Start of DATA EXTRACTS
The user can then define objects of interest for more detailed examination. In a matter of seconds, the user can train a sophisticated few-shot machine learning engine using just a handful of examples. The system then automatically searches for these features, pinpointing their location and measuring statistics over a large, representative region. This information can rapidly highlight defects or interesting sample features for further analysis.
End of DATA EXTRACTS
Start of DATA EXTRACTS
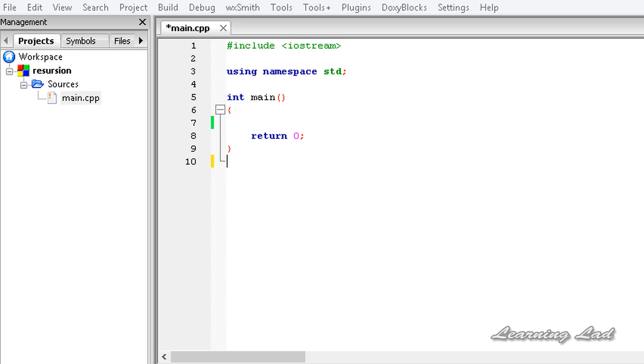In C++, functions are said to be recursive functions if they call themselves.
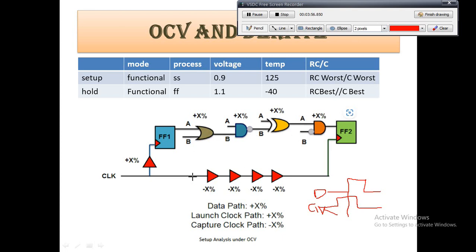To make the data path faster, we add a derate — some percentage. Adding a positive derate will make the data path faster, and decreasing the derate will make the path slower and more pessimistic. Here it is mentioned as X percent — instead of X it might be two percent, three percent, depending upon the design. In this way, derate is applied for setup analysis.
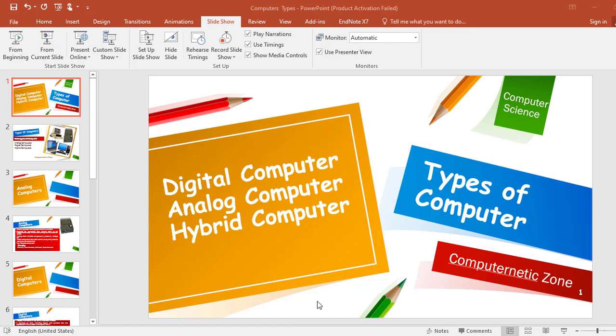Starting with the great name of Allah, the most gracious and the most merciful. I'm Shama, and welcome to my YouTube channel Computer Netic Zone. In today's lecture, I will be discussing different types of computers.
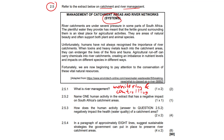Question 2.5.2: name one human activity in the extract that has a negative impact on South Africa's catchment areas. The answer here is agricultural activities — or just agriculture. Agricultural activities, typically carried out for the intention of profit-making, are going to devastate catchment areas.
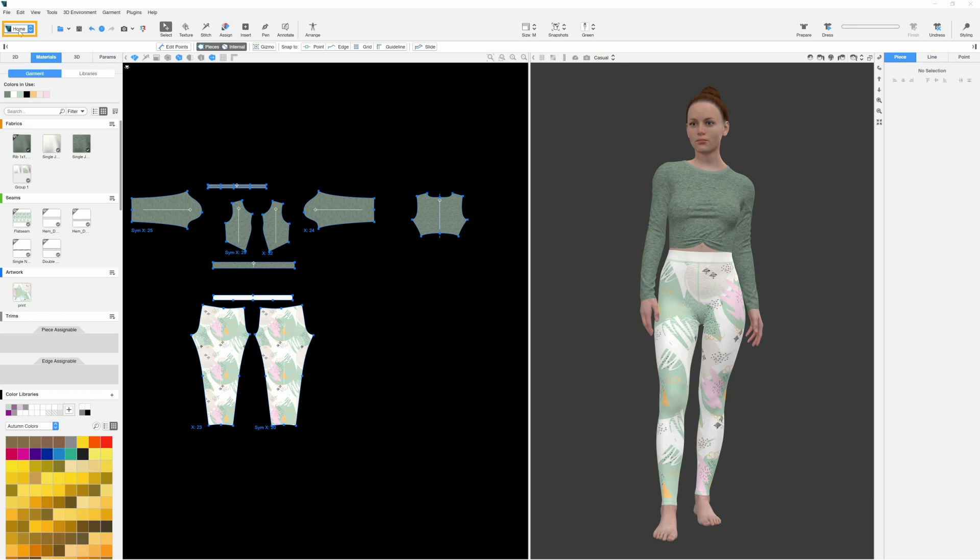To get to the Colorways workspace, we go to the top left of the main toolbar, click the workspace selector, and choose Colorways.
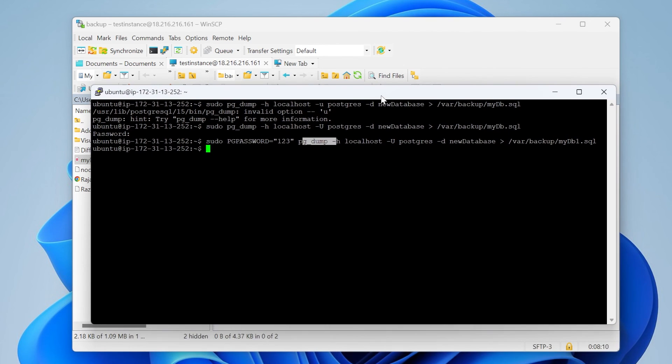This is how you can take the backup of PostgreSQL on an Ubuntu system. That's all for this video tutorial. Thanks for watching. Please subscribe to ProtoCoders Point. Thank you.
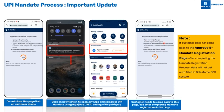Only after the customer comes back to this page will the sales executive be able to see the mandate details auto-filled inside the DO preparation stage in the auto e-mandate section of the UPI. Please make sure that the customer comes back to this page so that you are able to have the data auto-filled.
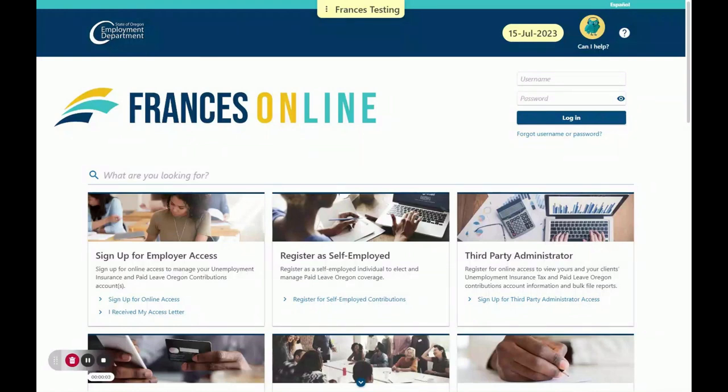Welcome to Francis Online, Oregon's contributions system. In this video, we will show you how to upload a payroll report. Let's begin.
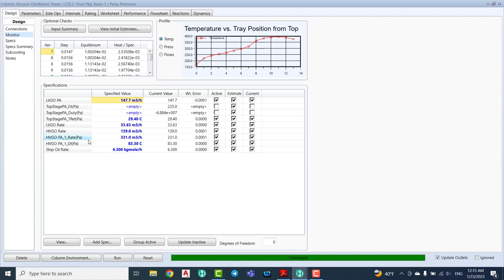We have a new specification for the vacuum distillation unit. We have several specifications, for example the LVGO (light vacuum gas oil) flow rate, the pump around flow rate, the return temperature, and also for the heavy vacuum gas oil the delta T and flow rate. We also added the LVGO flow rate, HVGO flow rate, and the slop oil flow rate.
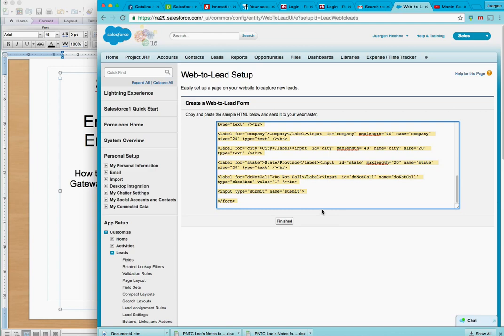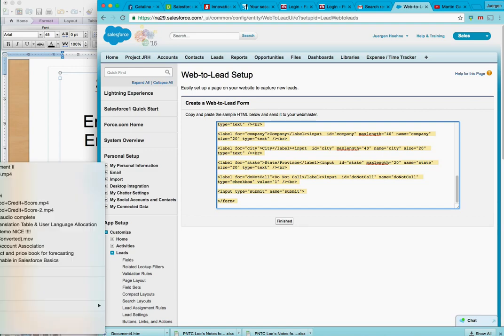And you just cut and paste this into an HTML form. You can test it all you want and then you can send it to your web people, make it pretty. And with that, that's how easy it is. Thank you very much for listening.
End of DATA EXTRACTS
Start of DATA EXTRACTS
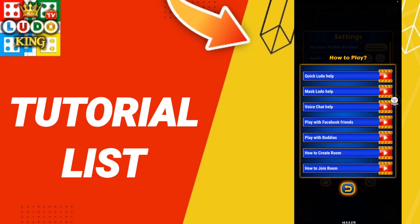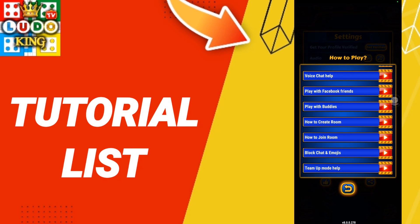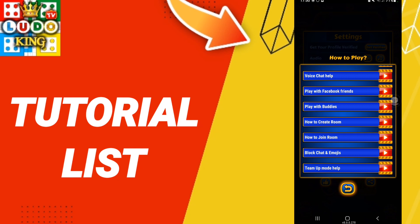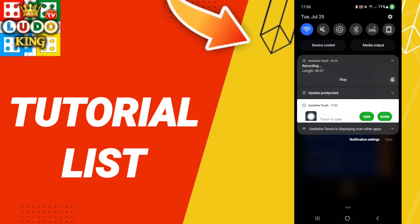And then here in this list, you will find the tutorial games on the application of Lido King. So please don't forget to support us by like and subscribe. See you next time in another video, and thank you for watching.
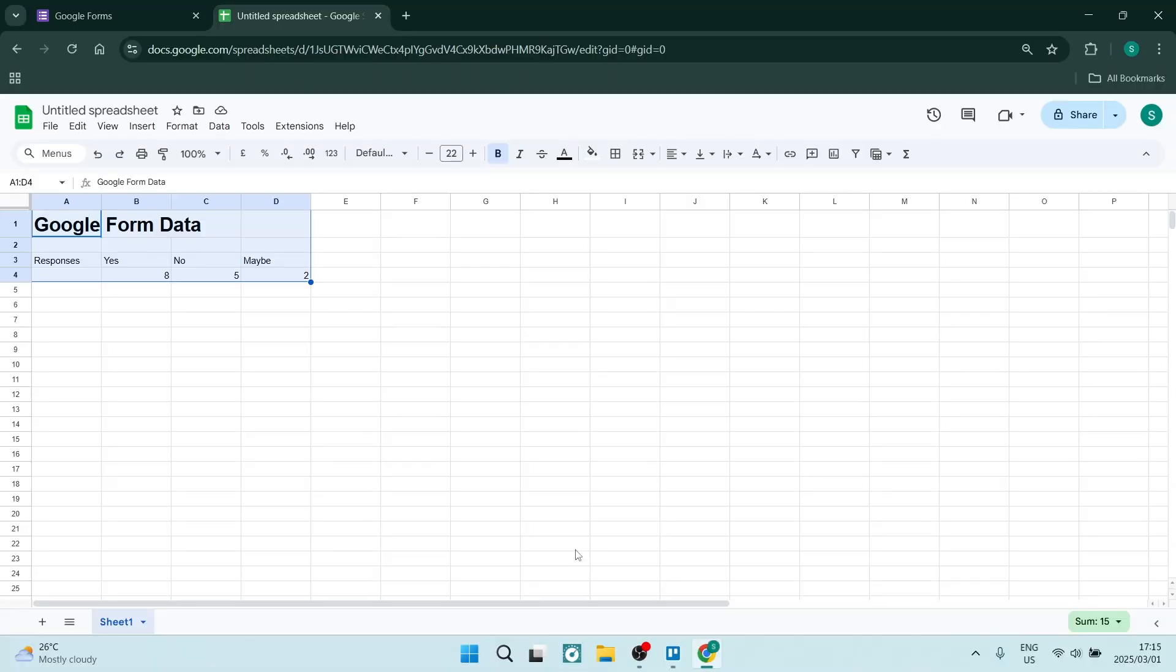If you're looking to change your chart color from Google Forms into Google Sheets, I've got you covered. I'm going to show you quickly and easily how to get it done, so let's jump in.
End of DATA EXTRACTS
- **HOW TO COMPLETE THIS TASK**
Look above for the line with "We have a new" and the line with "And you just", then copy them and all lines in between exactly as written, and only those, without any pictures.

- **OUTPUT OF THE EXERCISE**
We have a new specification for the vacuum distillation unit. We have several specifications, for example the LVGO (light vacuum gas oil) flow rate, the pump around flow rate, the return temperature, and also for the heavy vacuum gas oil the delta T and flow rate. We also added the LVGO flow rate, HVGO flow rate, and the slop oil flow rate.
And you just cut and paste this into an HTML form. You can test it all you want and then you can send it to your web people, make it pretty. And with that, that's how easy it is. Thank you very much for listening.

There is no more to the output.